In onze gesprekken probeer ik het altijd zo goed mogelijk in het Thais, terwijl hij antwoordt in zijn beste Engels. “Mister Mieke sa baai die mai?” (alles goed met Mieke?) gooide hij het over een andere boeg. Thais maakt geen onderscheid tussen meneer en mevrouw dus is Mieke hier ook vaak mister. “Kap kap khun Mieke sa bai die kap.” Ja hoor, alles goed met Mieke.
Als Toey weg is hebben we het erover dat hij wat bedrukt over kwam terwijl hij meestal vrij opgeruimd is. En dat hij zo nadrukkelijk liet weten dat het financieel niet mee zat. Dat had hij niet eerder gedaan en is ook tamelijk on-Thais. We vragen ons af of we hem niet op een of andere manier kunnen ondersteunen, maar kennen de risico’s van zo maar geld geven. In januari schreven we daar al eens een blog over. Dus we gaan dat eerst maar eens bespreken met Somtjid, de vrouw van het plaatselijke restaurantje, die altijd goed op de hoogte is van wie ondersteuning nodig heeft en daar dan ook voor zorgt.
Toey is geen uitzondering als het gaat om “no money.” Afgelopen week ben ik meegeweest op schoolbezoek met FERC, de stichting die het kinderen uit armere gezinnen mogelijk maakt om hun middelbare school af te maken. Zonder ondersteuning zouden die na hun 15e verjaardag thuis gehouden worden. De aanvragen voor een zogeheten scholarship komen rond deze tijd binnen. De komende weken wordt bekeken wie er voor in aanmerking komen in het nieuwe schooljaar, dat hier van mei t/m april loopt. Om een indruk te geven van de financiele situatie in de gezinnen van de aanvragers: het gezinsinkomen ligt voor vrijwel allemaal tussen de 50.000 en 75.000 Baht per jaar. Dat is omgerekend tussen de 1330 en 2000 euro.

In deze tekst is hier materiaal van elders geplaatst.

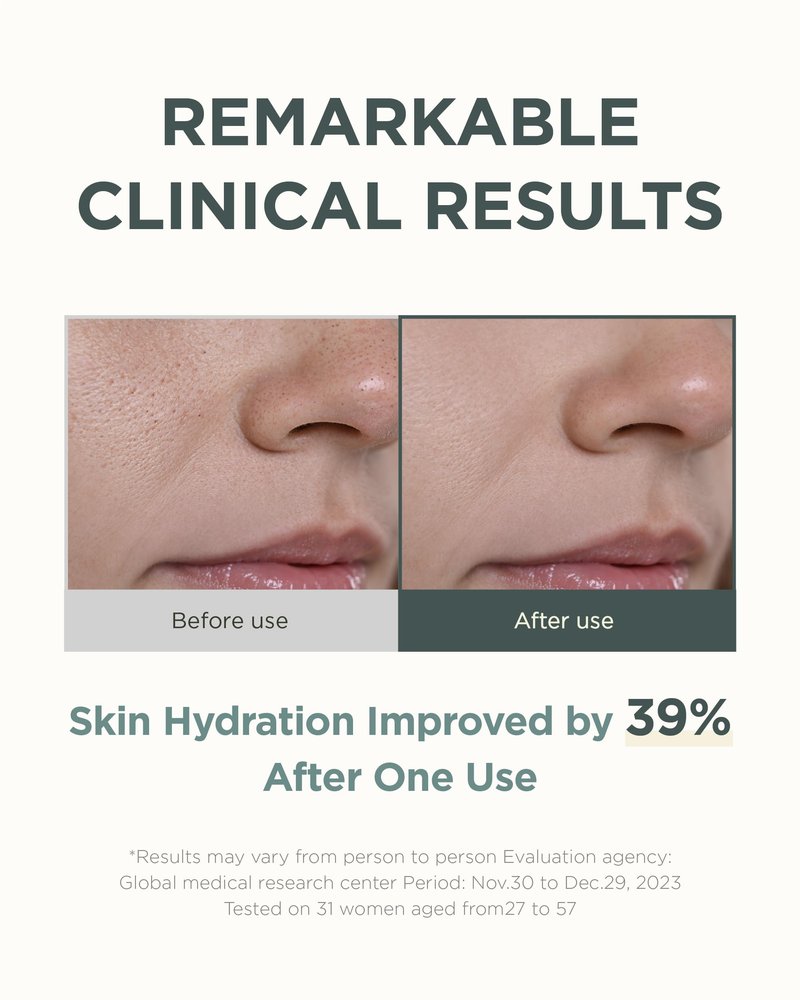OURWHY Heartleaf Hydra Calming Serum (1.35fl oz) - Soothing & Hydrating Serum for Sensitive Skin. With Heartleaf Extract, Hyaluronic Acid & Panthenol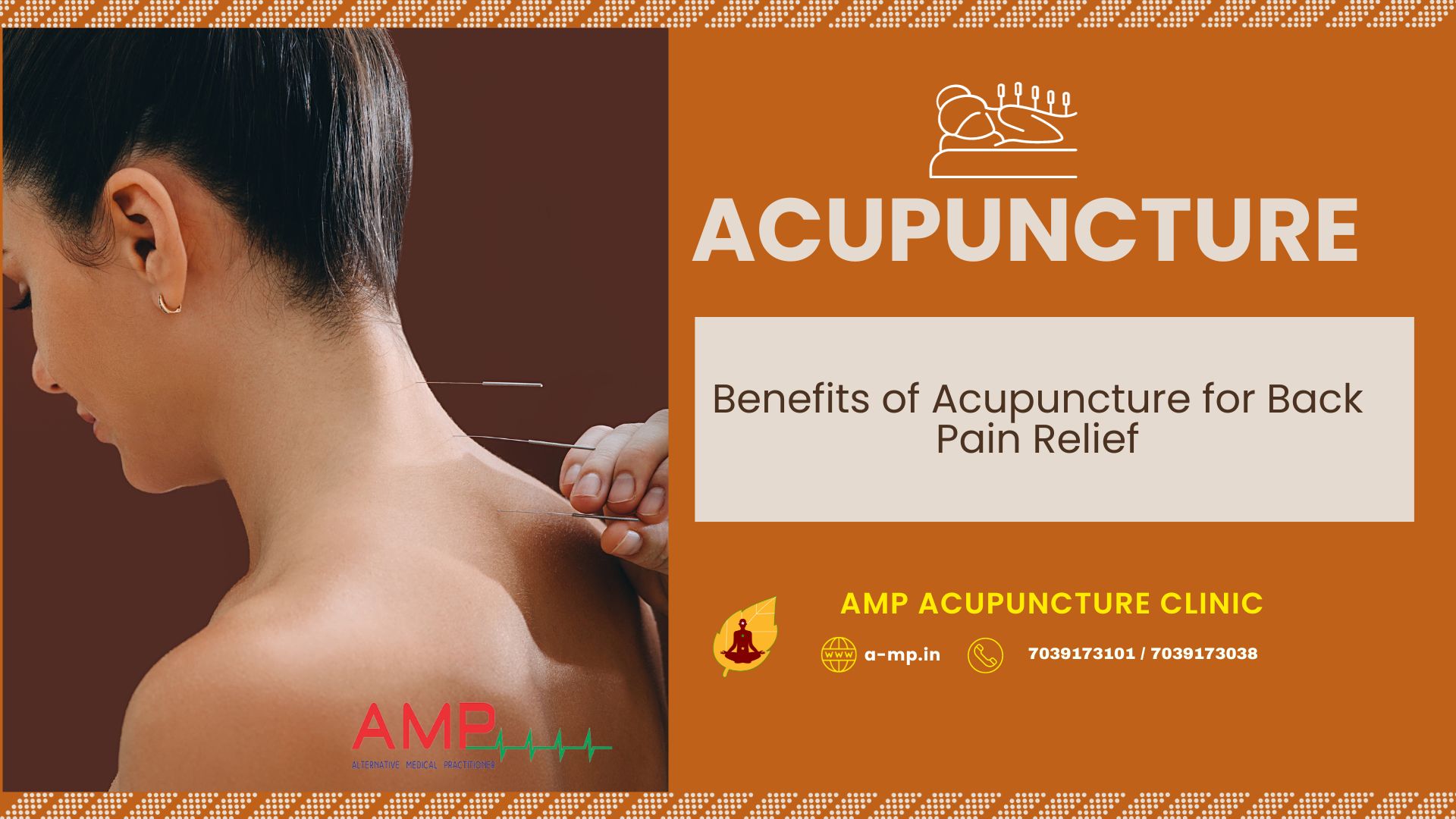 acupuncture-for-back-pain-relief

Ieder jaar kunnen we 30 nieuwe scholieren een soort van beurs geven, waarbij ze 3 jaar lang iedere maand 1000 Baht (27 euro) krijgen. Als je dat afzet tegen het jaarinkomen van het gezin zie je dat dat een wezenlijk bedrag is. De meeste scholieren krijgen hun beurs dankzij sponsoren, die gedurende 3 jaar de bijdrage voor een scholier voor hun rekening nemen. Daarnaast zijn er donaties en acties om extra geld in te zamelen, waardoor we ook scholieren die geen sponsor hebben aan hun beurs kunnen helpen.
Een van de scholieren die we zelf sponsoren zit nu in zijn examenjaar en is inmiddels toegelaten tot de Universiteit van Chiang Mai, waar hij massacommunicatie wil gaan studeren. Uiteindelijk wil hij films en video’s gaan produceren. Zonder ondersteuning van FERC was hij 3 jaar geleden al van school gehaald om ergens in een plaatselijke winkel te gaan werken. Het is mooi om te zien hoe een kleinschalig initiatief als FERC voor individuele scholieren een enorm verschil in toekomstperspectief kan maken.
Dus durf ik het nog wel een keertje aan om FERC te promoten. Overweeg ook eens om het verschil te maken voor een Thaise scholier, door voor 3 jaar sponsor te worden of een eenmalige donatie te doen. FERC kent geen strijkstok. Alle medewerkers zijn vrijwilligers die geen onkosten in rekening brengen. Je bijdrage komt dus altijd terecht bij de scholieren. Sinds een paar maanden heeft FERC een IBAN-bankrekening. Overschrijven is daardoor net zo gemakkelijk als een binnenlandse betaling.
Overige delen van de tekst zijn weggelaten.